First Quarter 2024 Financial Highlights:

  • Revenue was $269 million, an increase of 26% year-over-year.
  • GAAP gross margin was 83% and non-GAAP gross margin was 86%.
  • GAAP operating margin was (7%) and non-GAAP operating margin was 14%.
  • Operating cash inflow for the first quarter was $69 million.
  • Free cash inflow for the first quarter was $58 million.

A reconciliation of GAAP to non-GAAP financial measures has been provided in the tables included in this press release. An explanation of these measures is also included below under the heading “Non-GAAP Financial Measures.”

Recent Business Highlights:

  • Achieved a gross revenue retention rate of 95% in the first quarter.
  • Added 231 net new organic customers in the first quarter, ending with a total of 16,598 organic customers.
  • Ranked #8 among G2’s Top 100 Best Global Software Companies of 2024 .

Second Quarter and Full Year 2024 Outlook:

Procore is providing the following guidance for the second quarter and full year 2024:

  • Second Quarter 2024 Outlook:
    • Revenue is expected to be in the range of $274 million to $276 million, representing year-over-year growth of 20% to 21%.
    • Non-GAAP operating margin is expected to be in the range of 11% to 12%.
  • Full Year 2024 Outlook:
    • Revenue is expected to be in the range of $1,140 million to $1,144 million, representing year-over-year growth of 20%.
    • Non-GAAP operating margin is expected to be in the range of 9% to 10%.

A reconciliation of non-GAAP guidance measures to corresponding GAAP measures is not available on a forward-looking basis without unreasonable effort due to the uncertainty of expenses that may be incurred in the future and cannot be reasonably determined or predicted at this time, although it is important to note that these factors could be material to Procore’s future GAAP financial results.

Quarterly Conference Call

Procore Technologies, Inc. will hold a conference call to discuss its first quarter results at 2:00 p.m., Pacific Time, on Wednesday, May 1, 2024. A live audio webcast will be accessible on Procore's investor relations website at http://investors.procore.com .
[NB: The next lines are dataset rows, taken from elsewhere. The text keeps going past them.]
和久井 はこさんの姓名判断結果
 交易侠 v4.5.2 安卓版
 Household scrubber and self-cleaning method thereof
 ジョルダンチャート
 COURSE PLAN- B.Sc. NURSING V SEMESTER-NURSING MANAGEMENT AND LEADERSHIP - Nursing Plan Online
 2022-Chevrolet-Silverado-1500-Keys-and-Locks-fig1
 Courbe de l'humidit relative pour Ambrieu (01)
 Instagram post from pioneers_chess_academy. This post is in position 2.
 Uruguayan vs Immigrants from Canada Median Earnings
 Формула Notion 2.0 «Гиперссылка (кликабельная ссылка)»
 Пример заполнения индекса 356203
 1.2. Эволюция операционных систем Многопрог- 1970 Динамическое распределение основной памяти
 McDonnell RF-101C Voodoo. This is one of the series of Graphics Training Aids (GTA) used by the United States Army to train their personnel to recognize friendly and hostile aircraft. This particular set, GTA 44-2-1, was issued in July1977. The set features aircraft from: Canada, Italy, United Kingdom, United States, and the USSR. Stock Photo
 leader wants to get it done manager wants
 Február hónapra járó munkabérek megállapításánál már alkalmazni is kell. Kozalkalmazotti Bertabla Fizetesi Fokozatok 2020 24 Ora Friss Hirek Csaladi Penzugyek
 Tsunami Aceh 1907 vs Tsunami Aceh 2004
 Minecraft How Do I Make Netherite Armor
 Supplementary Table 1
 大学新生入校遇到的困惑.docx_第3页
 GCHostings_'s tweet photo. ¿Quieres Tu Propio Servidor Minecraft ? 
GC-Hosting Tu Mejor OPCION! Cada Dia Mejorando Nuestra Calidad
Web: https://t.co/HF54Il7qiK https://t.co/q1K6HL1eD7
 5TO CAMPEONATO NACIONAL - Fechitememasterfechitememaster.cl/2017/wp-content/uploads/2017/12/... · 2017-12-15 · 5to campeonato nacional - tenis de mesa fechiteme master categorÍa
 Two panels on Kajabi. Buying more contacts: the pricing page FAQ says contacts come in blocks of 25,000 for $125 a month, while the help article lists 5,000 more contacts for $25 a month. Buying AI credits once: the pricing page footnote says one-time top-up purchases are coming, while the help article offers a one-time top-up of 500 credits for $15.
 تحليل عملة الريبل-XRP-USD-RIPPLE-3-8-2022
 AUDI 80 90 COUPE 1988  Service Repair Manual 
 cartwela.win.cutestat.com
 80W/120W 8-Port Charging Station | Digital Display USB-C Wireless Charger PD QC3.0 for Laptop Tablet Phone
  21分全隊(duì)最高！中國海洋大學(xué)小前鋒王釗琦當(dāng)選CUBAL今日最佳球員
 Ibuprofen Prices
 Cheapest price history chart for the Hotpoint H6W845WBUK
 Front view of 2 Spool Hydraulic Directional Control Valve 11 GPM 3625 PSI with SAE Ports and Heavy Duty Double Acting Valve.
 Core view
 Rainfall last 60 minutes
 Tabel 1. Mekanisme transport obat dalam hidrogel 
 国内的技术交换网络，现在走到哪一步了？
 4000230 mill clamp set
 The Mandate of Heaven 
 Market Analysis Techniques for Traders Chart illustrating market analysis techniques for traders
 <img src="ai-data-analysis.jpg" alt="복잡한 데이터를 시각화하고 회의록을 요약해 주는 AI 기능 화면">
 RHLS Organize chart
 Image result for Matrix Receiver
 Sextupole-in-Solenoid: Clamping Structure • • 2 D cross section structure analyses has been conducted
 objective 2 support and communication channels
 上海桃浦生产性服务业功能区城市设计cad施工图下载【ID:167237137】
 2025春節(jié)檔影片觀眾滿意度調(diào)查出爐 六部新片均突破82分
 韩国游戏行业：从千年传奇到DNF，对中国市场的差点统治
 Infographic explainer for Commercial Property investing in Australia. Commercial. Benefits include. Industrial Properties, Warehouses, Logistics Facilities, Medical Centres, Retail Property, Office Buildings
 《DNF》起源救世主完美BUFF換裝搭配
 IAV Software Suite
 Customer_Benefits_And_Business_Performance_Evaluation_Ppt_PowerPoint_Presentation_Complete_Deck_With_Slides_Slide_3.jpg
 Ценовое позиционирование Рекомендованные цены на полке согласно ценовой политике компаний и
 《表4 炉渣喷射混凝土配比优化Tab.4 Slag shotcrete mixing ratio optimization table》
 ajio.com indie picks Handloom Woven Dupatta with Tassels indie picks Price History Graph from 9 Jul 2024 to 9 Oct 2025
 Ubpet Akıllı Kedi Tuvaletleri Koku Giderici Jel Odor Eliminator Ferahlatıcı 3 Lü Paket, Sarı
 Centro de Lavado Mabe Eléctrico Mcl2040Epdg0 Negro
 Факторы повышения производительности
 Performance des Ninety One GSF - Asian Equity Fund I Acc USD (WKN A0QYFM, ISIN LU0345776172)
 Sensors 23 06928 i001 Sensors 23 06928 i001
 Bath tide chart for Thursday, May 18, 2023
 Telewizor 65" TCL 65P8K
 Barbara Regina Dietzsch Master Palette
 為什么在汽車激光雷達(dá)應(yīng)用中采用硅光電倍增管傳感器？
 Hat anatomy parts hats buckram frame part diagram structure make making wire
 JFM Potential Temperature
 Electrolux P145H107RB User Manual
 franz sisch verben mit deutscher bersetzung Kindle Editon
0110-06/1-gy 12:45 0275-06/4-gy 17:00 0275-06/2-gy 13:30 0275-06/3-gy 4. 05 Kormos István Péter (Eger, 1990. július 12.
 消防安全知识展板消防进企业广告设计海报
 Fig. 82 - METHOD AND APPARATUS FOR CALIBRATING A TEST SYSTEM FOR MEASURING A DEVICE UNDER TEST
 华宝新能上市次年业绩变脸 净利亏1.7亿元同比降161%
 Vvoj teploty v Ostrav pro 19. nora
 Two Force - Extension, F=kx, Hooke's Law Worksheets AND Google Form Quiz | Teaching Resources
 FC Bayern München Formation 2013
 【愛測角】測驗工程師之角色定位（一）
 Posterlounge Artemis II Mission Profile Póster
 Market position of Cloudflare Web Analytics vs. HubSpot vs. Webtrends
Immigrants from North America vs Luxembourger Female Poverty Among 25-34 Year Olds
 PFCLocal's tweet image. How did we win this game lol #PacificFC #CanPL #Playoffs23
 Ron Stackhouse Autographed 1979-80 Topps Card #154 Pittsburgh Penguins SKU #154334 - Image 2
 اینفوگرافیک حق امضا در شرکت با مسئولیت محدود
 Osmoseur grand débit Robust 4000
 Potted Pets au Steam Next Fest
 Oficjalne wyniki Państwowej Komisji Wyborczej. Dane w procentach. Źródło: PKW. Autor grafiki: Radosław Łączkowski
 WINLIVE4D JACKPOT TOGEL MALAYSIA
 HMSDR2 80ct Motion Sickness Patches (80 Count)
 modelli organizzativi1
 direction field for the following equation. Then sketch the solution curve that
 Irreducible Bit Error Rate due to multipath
Forward-Looking Statements

This press release contains forward-looking statements within the meaning of Section 27A of the Securities Act of 1933, as amended, and Section 21E of the Securities Exchange Act of 1934, as amended, about Procore and its industry that involve substantial risks and uncertainties. All statements in this press release, other than statements of historical fact, are forward-looking statements within the meaning of the Private Securities Litigation Reform Act of 1995. Forward-looking statements generally relate to future events or future financial or operating performance, and may be identified by the use of words such as “anticipate,” “believe,” “contemplate,” “continue,” “could,” “estimate,” “expect,” “intend,” “may,” “plan,” “potential,” “predict,” “project,” “should,” “target,” “will,” or “would,” or the negative of these words, or other similar terms or expressions that concern Procore’s expectations, strategy, plans, or intentions.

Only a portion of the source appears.